简体   繁体   中英

Get smart Excel table with Apache POI

I'm using code below to convert.csv file into.xlsx. It works okay, but customer want to get "smart Excel table" (with filters etc, format as table in Microsoft Excel).

Using Apache NiFI and Groovy:

@Grab("org.apache.poi:poi:3.16")
@Grab("org.apache.poi:poi-ooxml:3.16")
import org.apache.poi.xssf.usermodel.*;
import org.apache.poi.ss.usermodel.*;
import org.apache.poi.xssf.streaming.*;
import org.apache.commons.io.IOUtils
import java.nio.charset.StandardCharsets

def flowFile = session.get()
if(!flowFile)
   return

flowFile = session.write(flowFile, { inputStream, outputStream ->
try {
        SXSSFWorkbook workBook = new SXSSFWorkbook();
        workBook.setCompressTempFiles(true);

        SXSSFSheet sheet = workBook.createSheet("Sheet");
        sheet.setRandomAccessWindowSize(1000);

        String currentLine = null;
        int RowNum = 0;
        BufferedReader br = new BufferedReader(new InputStreamReader(inputStream));
        while ((currentLine = br.readLine()) != null) {
            String[] str = currentLine.split(",");            

            Row currentRow = sheet.createRow(RowNum);
            for(int i=0;i<str.length;i++){
                currentRow.createCell(i).setCellValue(str[i]);
            }
            RowNum++;

            if (RowNum % 1000 == 0) {
                println RowNum;
            }
        }
        workBook.write(outputStream);
        fileOutputStream.close();
    } catch (Exception ex) {
        ex.printStackTrace();
    }


} as StreamCallback)

session.transfer(flowFile, REL_SUCCESS)

My version looks like: 在此处输入图像描述

Customer want to get smth like this:

在此处输入图像描述

How can I achieve this?

At first: Reading CSV files row by row as plain text files and the split by delimiter is error prone.

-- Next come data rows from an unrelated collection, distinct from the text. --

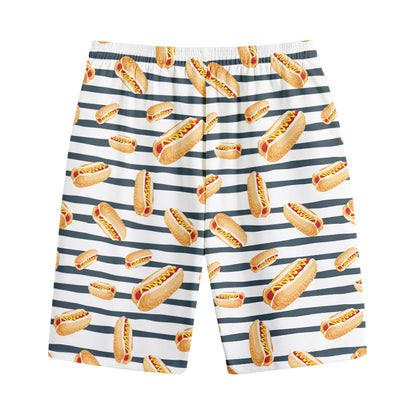 Hot Dog Striped Pattern Print Cotton Shorts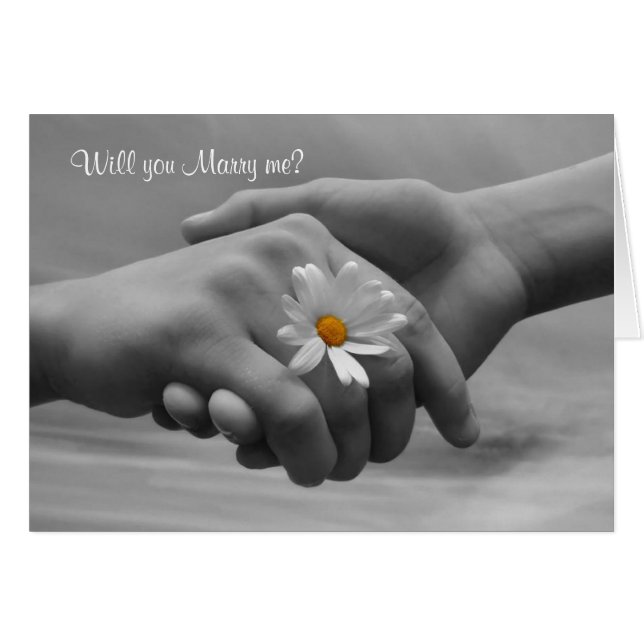 Förslag att gifta sig mig kortet med händer och hälsningskort (Framsidan Horizontal)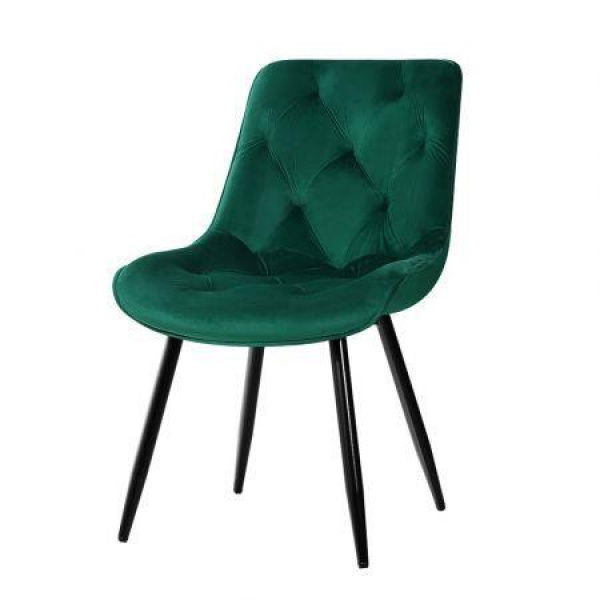 Artiss Dining Chairs Set of 2 Velvet Diamond Tufted Green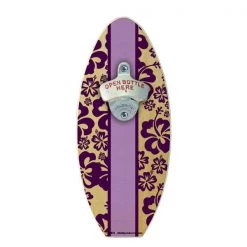 BarProducts Handcrafted Hawaiian Flowers Wooden Surfboard Wall Bottle Opener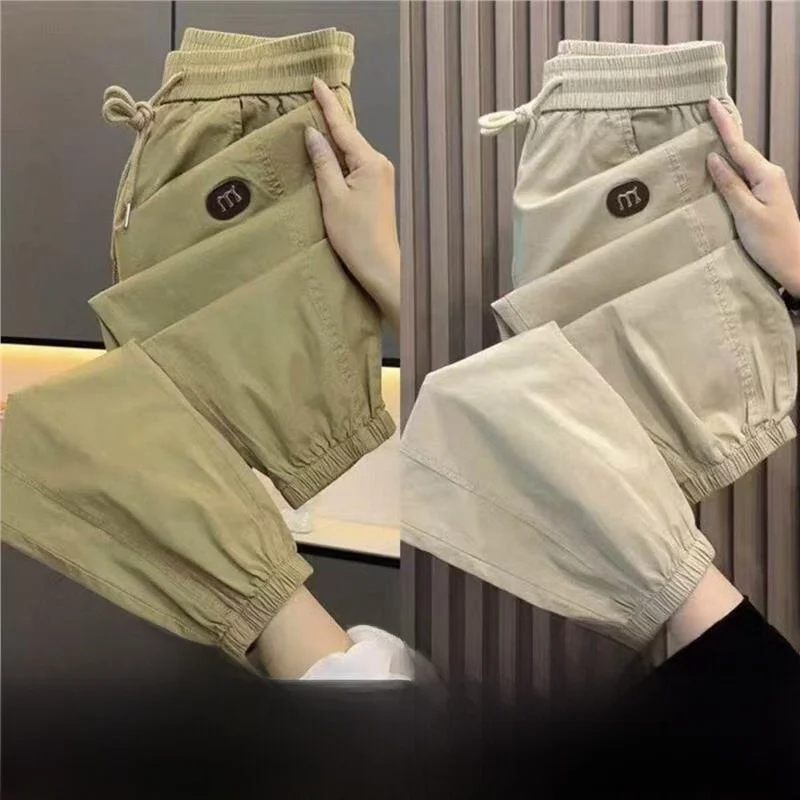 

Мужские летние свободные спортивные брюки из ледяного шелка, тонкие, дышащие, с манжетами, легкие, повседневные, модные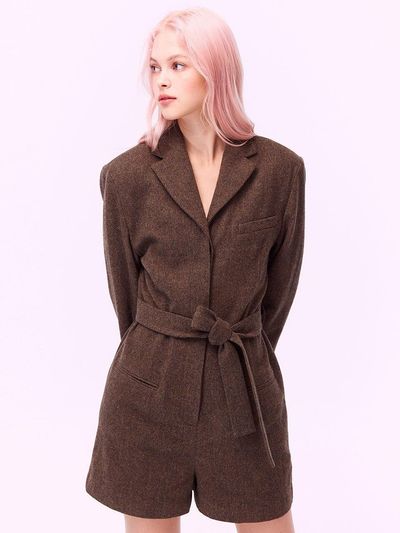 SUPERTHINGS Wool Herringbone 4-Button Tailored Jumpsuit [BROWN]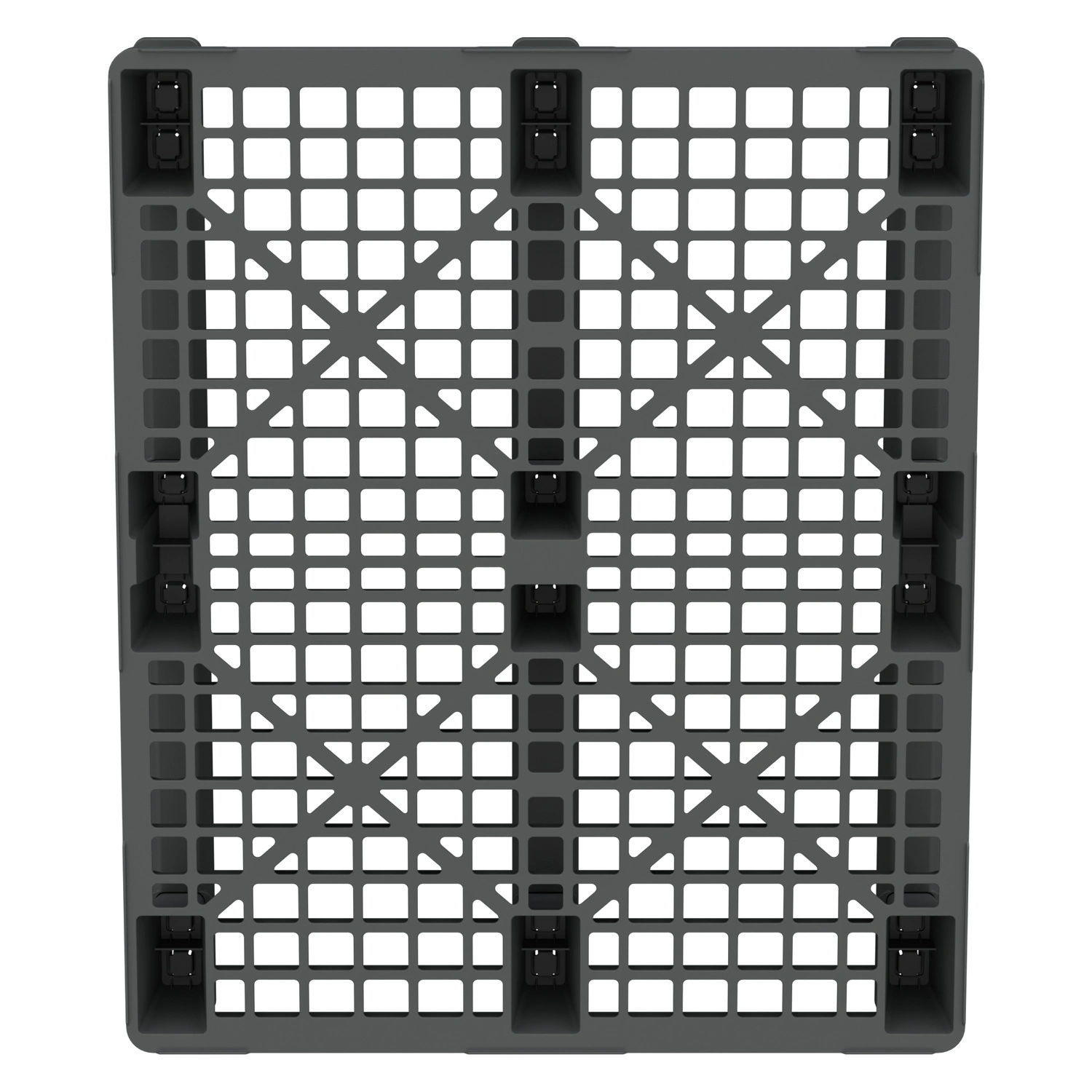 Пластиковый паллет 1200x1000x145 мм iPlast серый перфорированный на 3 полозьях с бортиком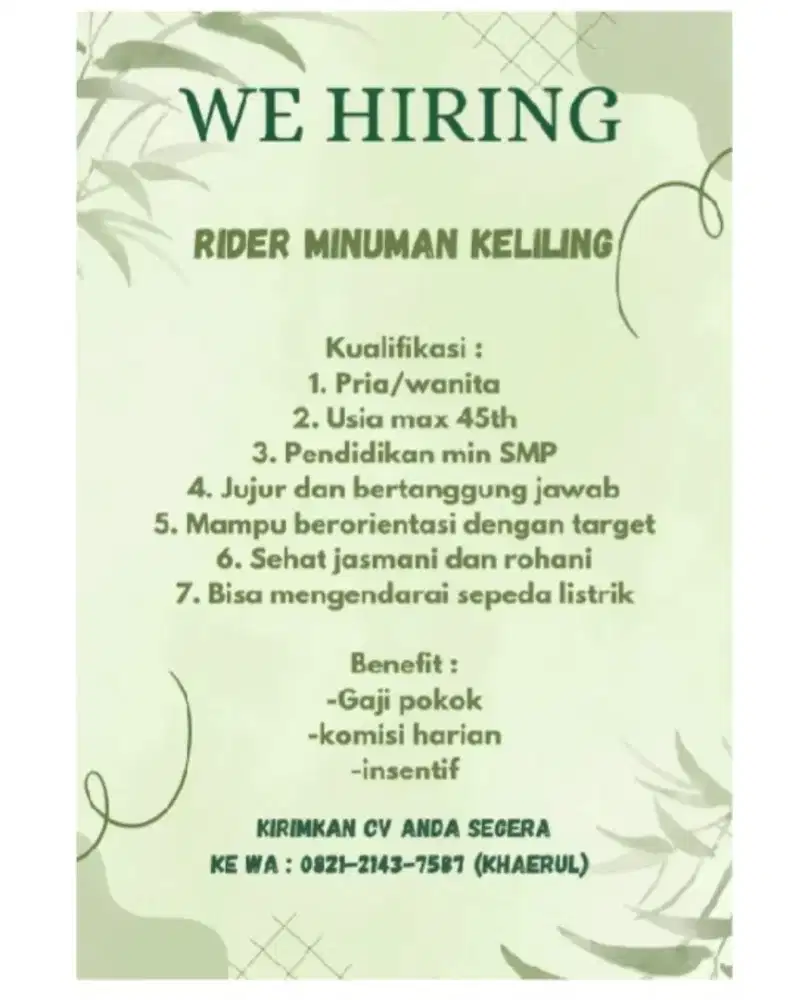 RIDER MINUMAN KELILING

There are CSV rules which are not considered by this approach. For example: Values might be surrounded by quotes. There might be spaces between the comma and the next value, which then not should be part of the value. And so on. CSV files should be read using libraries which were made for that. There is opencsv for example.

Creating tables in Excel is part of Apache POI. There is XSSFSheet.createTable . Unfortunately there is no SXSSFSheet.createTable . And you need the streaming version SXSSF because of the size of your CSVs, right?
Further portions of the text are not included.